== Segment start ==

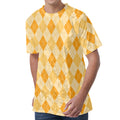 Orange Argyle Pattern Print Men's Velvet T-Shirt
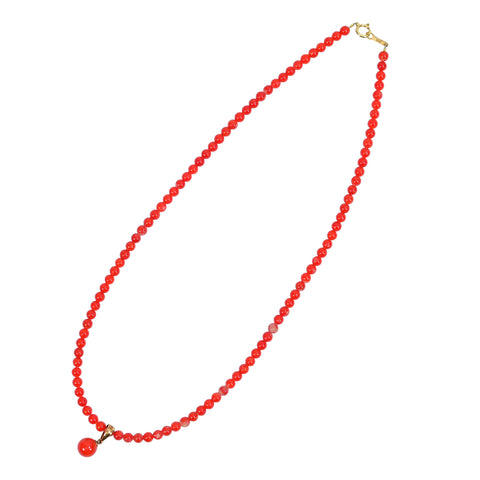 【中古】K18YG CORAL サンゴペンダントネックレス 7.3mm 9.1g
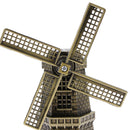 Bronzer Metal Dutch Windmill Model Statue Figurine Craft for Cafe Bars Decor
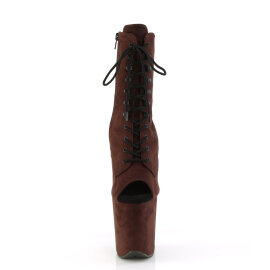 Pleaser FLAMINGO-1021FS Platform Ankle Boots Faux Leather Brown EU-41 / US-11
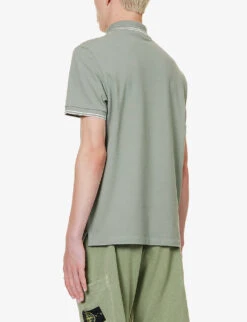 Stone Island Logo-badge Slim-fit Stretch-cotton Polo Shirt 10 Stone Island Logo-badge Slim-fit Stretch-cotton Polo Shirt -Gentlemen Style Shop R04188777 SAGE ALT03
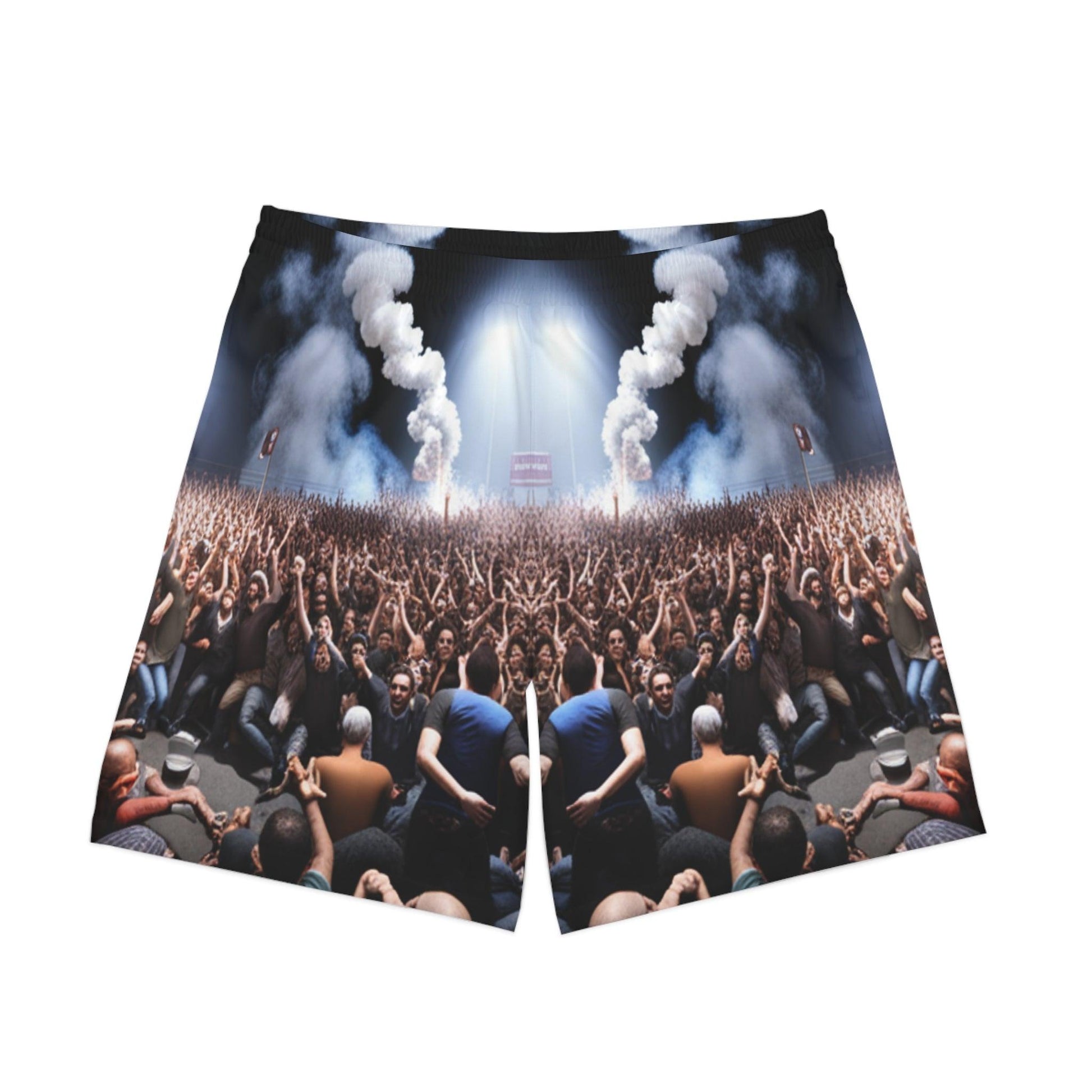 Metal Concert Rendered Men's Elastic Beach Shorts - Lizard Vigilante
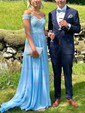 A-line Off-the-shoulder Chiffon Prom Dresses With Appliques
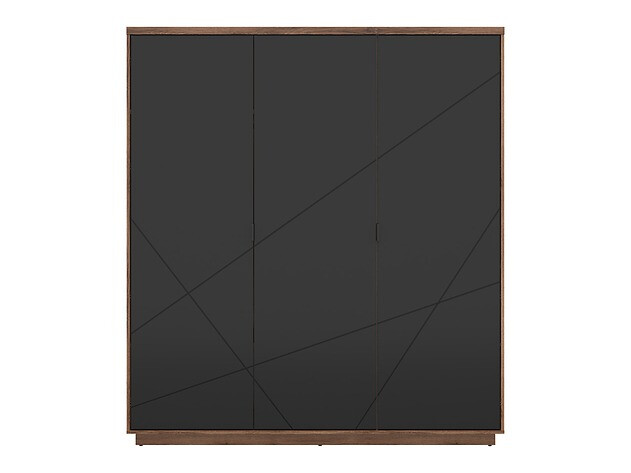 Armoire Fivale 116 (Chêne delano foncé + Noir mat)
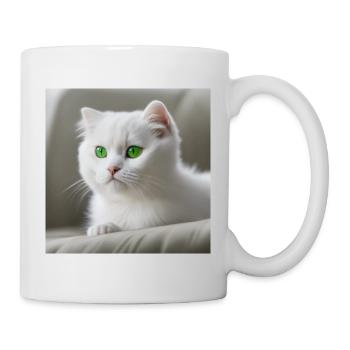 cat green eyes - Mug - white - Right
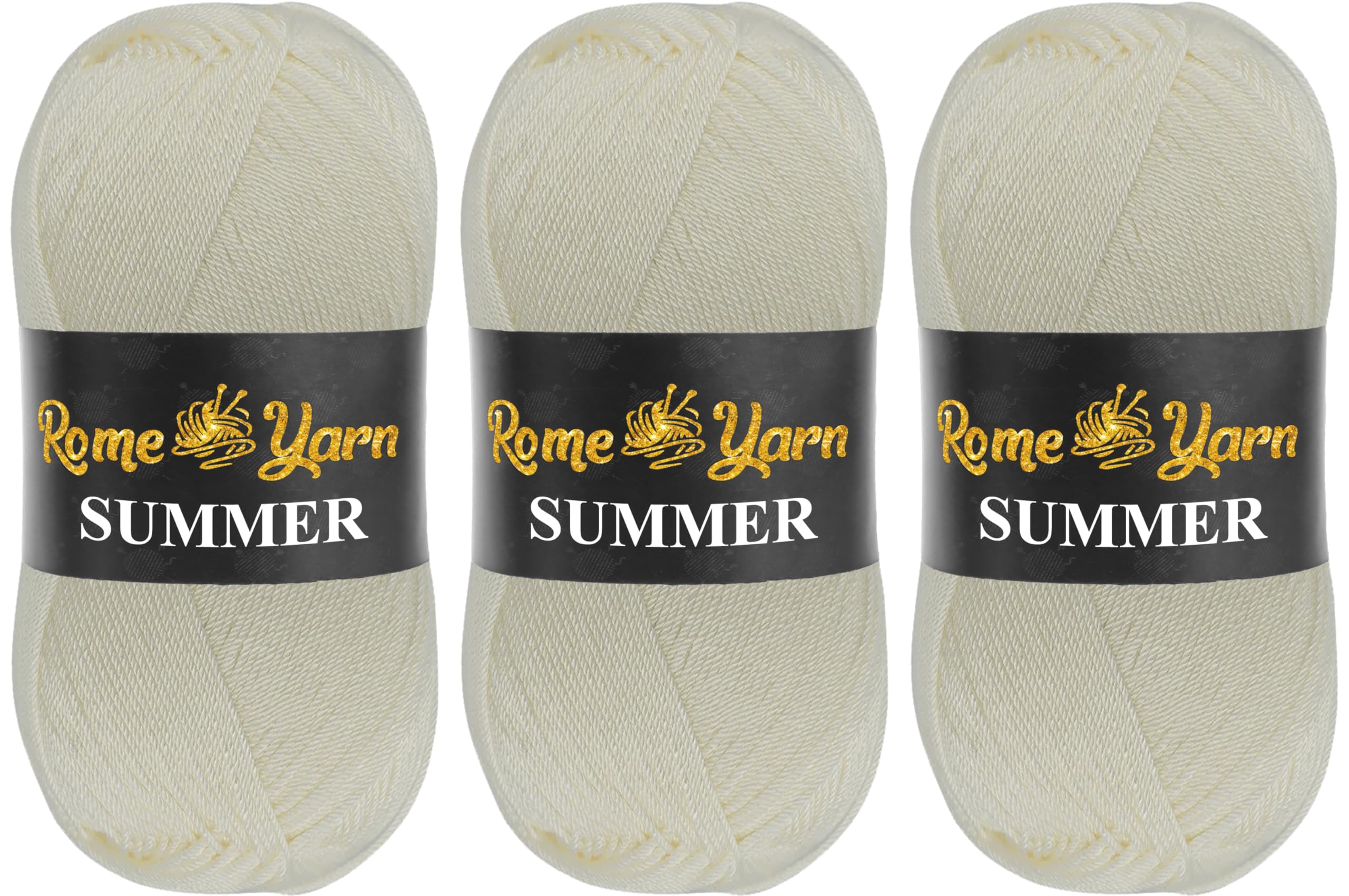 Rome Yarn Summer Yarn - 3 x 100 g (350 m) with Silk Effect | Satin Texture Anti-Pilling Microfiber Acrylic | #2 Fine Lightweight Yarn for Knitting & Crochet (19 Ecru)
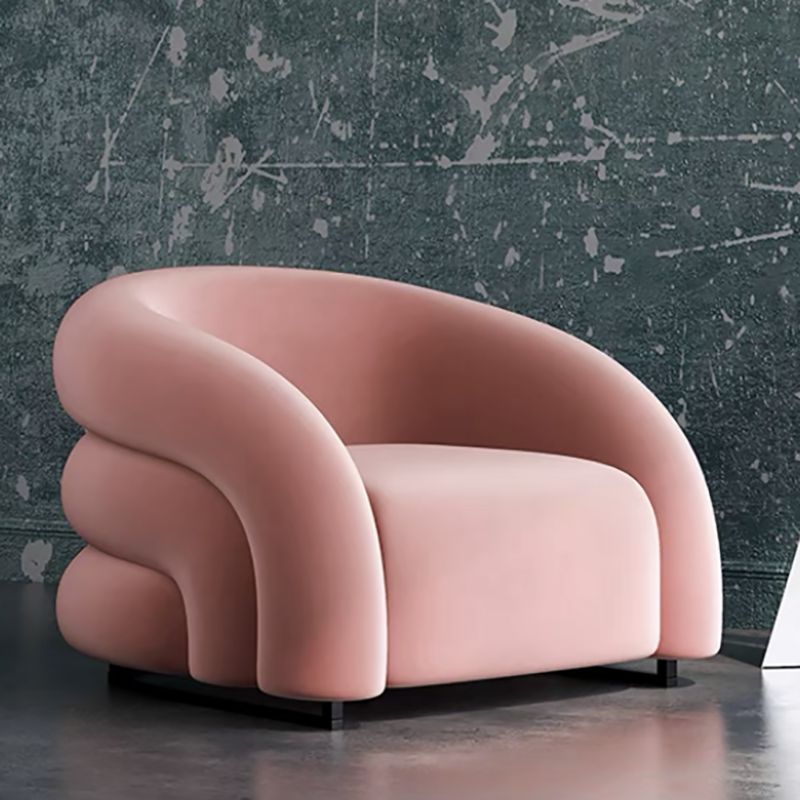 Velvet Barrel Chair 33.85" Wide Arms Included Chair for Living Room
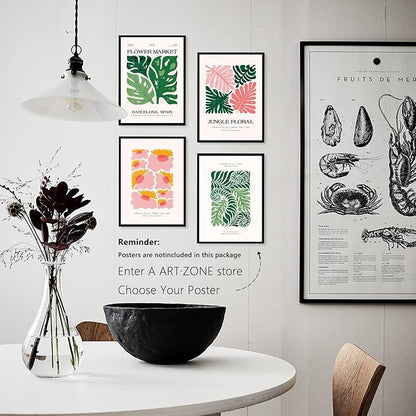 A ART·ZONE Black Picture Frames - A4-4 Pack Photo & Poster Frame Set for Wall Decor & Tabletop Display, Minimalist Black Frame Collection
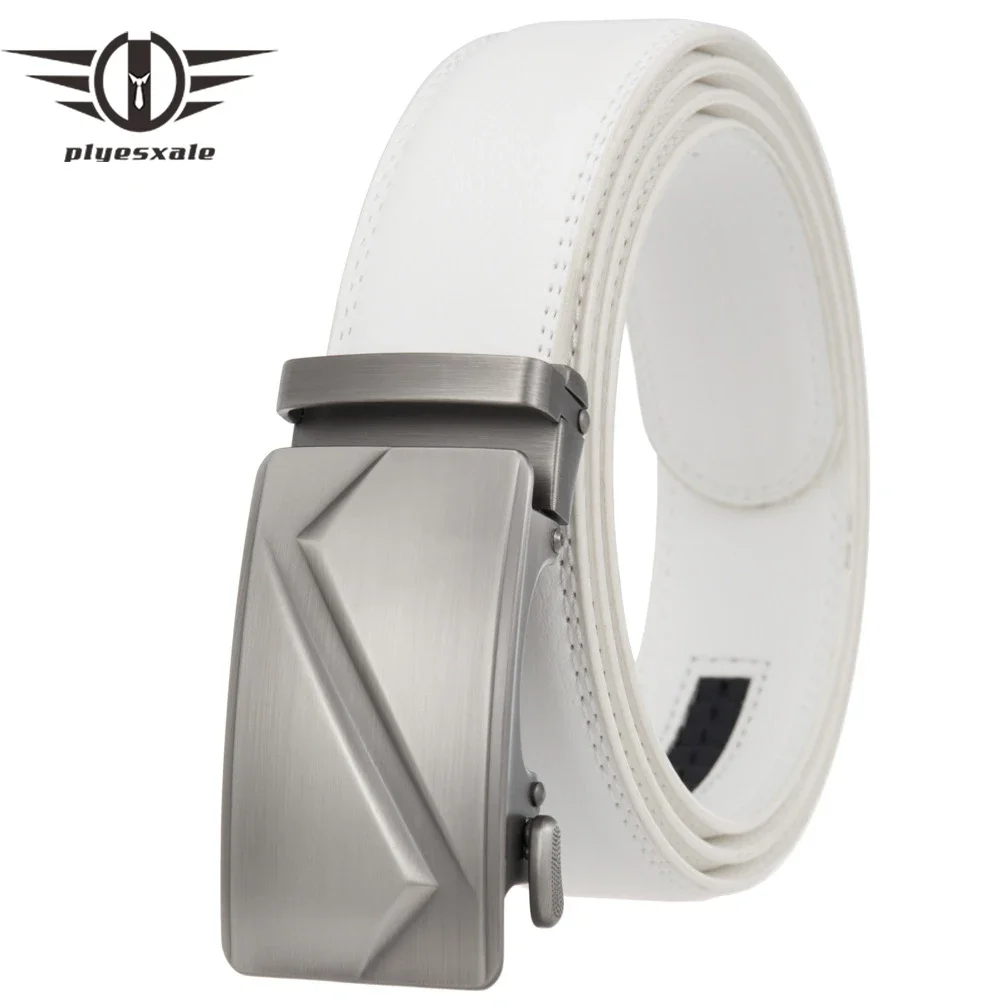 

Plyesxale 2024 White Mens Genuine Leather Belt Designer Alloy Automatic Buckle Belt For Man Brand Business Style Men Belts B1085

== Segment end ==

> [What to work on]: Leave out the pictures and return every record word for word.

> [Response box]:
 Orange Argyle Pattern Print Men's Velvet T-Shirt
 【中古】K18YG CORAL サンゴペンダントネックレス 7.3mm 9.1g
 Bronzer Metal Dutch Windmill Model Statue Figurine Craft for Cafe Bars Decor
 Pleaser FLAMINGO-1021FS Platform Ankle Boots Faux Leather Brown EU-41 / US-11
 Stone Island Logo-badge Slim-fit Stretch-cotton Polo Shirt 10 Stone Island Logo-badge Slim-fit Stretch-cotton Polo Shirt -Gentlemen Style Shop R04188777 SAGE ALT03
 Metal Concert Rendered Men's Elastic Beach Shorts - Lizard Vigilante
 A-line Off-the-shoulder Chiffon Prom Dresses With Appliques
 Armoire Fivale 116 (Chêne delano foncé + Noir mat)
 cat green eyes - Mug - white - Right
 Rome Yarn Summer Yarn - 3 x 100 g (350 m) with Silk Effect | Satin Texture Anti-Pilling Microfiber Acrylic | #2 Fine Lightweight Yarn for Knitting & Crochet (19 Ecru)
 Velvet Barrel Chair 33.85" Wide Arms Included Chair for Living Room
 A ART·ZONE Black Picture Frames - A4-4 Pack Photo & Poster Frame Set for Wall Decor & Tabletop Display, Minimalist Black Frame Collection

Plyesxale 2024 White Mens Genuine Leather Belt Designer Alloy Automatic Buckle Belt For Man Brand Business Style Men Belts B1085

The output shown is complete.